О том, как выглядел чепец «Суворов» (Souvarove), тоже узнаём из прессы: «Цветом бледно-красный. Правая оного сторона подкалывается, нижний край опушается черными перьями, которые также наискось около тульи обвиваются».
Справедливости ради добавлю, что не во всякое время мода потакала монаршим желаниям и не всегда была квасной патриоткой. К примеру, в 1791–1792 годах смелые щеголихи обзавелись красными шапками, скопированными с колпаков парижских революционеров-санкюлотов. Для одних они были милой забавой, другие дамы, просвещенные в политике, выказывали колпаками свою поддержку революции. Реакция не заставила себя долго ждать: шапки объявили якобинскими, а дам — «опасными якобинками». В октябре 1792 года Николай Бантыш-Каменский, свидетель этого женского демарша, сообщал князю Александру Куракину: «В субботу призваны были к градоначальнику все marchandesses de modes (торговки модными товарами. —
А чтобы впредь аристократкам неповадно было форсить в революционных вещицах, императрица распорядилась, чтобы каждая приезжающая ко двору дама носила черное траурное платье по казненному Людовику XVI. В середине марта 1793 года траур сняли, но и всплесков якобинской моды в Петербурге уже не наблюдалось.
Русский костюм реагировал даже на события, не имевшие к России отношения. В 1778 году, в разгар Войны за независимость Соединенных Штатов Америки, произошел бой между английской и французской эскадрами. В нем отличились фрегат Belle Poule и его капитан Шадо де ла Клошетри, давший дерзкий отпор британцам. Вести о победе донеслись до Версаля, и куаферы стали мастерить один за другим пуфы, названные Belle Poule: на высоком парике из шерсти яка они устанавливали уменьшенную копию фрегата. Это была сенсация. Модницы Европы и Америки вмиг обзавелись похожими конструкциями. В 1779 году их изображения появились на страницах русского журнала «Модное ежемесячное сочинение». Вероятно, тогда же в Петербурге были опробованы и первые образцы «бель пуллей».
Один из вариантов пуфа «бель пулль» под названием «Независимость, или Триумф свободы».

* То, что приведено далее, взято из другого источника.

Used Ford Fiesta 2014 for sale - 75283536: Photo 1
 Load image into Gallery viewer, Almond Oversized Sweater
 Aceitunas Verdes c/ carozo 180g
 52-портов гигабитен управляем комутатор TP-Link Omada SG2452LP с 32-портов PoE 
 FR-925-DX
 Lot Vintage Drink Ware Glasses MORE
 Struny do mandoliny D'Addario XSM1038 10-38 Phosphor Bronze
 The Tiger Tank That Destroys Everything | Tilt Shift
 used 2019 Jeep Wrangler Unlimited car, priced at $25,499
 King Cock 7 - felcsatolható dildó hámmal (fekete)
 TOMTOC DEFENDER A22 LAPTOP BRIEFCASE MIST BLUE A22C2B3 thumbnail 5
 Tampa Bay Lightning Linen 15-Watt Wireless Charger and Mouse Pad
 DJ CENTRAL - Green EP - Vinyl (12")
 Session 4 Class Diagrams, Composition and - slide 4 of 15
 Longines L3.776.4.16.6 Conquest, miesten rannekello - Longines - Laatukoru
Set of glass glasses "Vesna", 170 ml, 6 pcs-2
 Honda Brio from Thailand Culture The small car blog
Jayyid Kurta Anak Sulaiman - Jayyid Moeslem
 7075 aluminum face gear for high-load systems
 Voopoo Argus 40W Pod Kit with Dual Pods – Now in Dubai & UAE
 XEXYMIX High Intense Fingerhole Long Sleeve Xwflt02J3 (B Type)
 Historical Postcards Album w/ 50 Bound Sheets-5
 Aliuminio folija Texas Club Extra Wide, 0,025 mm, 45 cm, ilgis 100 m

Франция, начало 1790-х гг.
РУССКИЙ СТИЛЬ КАК ПРОПАГАНДА
Императрица Екатерина II понимала политическую и военную силу народного костюма. Ее немецкое происхождение, путь, которым она завоевала трон, ее внешняя политика объясняют похвальную верность русскому стилю. Он был одним из способов воздействия на общество. Впервые Екатерина прибегла к нему во время коронационных празднеств, на уличном трехдневном маскараде «Торжествующая Минерва», устроенном в начале 1763 года в Москве.
Действо должен был понять даже простой люд, поэтому участниками картин стали шуты, скоморохи, зазывалы, чумаки с балалайками, а сами картины срежиссировали в жанре народных комедий и балаганов. Екатерина наблюдала за происходящим из окон дома Бецкого. На ней было алое бархатное платье в народном вкусе, унизанное крупным жемчугом.
Обращение к национальному стилю тогда, в 1763 году, было важно царице по нескольким причинам. Во-первых, она знала, что аристократы и простые русские солдаты не одобряли нововведения Петра III. Екатерина понимала, что простой люд может невзлюбить и ее — именно за прусское происхождение. Поэтому сразу же после коронации устроила русское празднество и принимала в нем участие, одетая в стилизованный народный костюм. Показная любовь ко всему отечественному должна была подкупить публику.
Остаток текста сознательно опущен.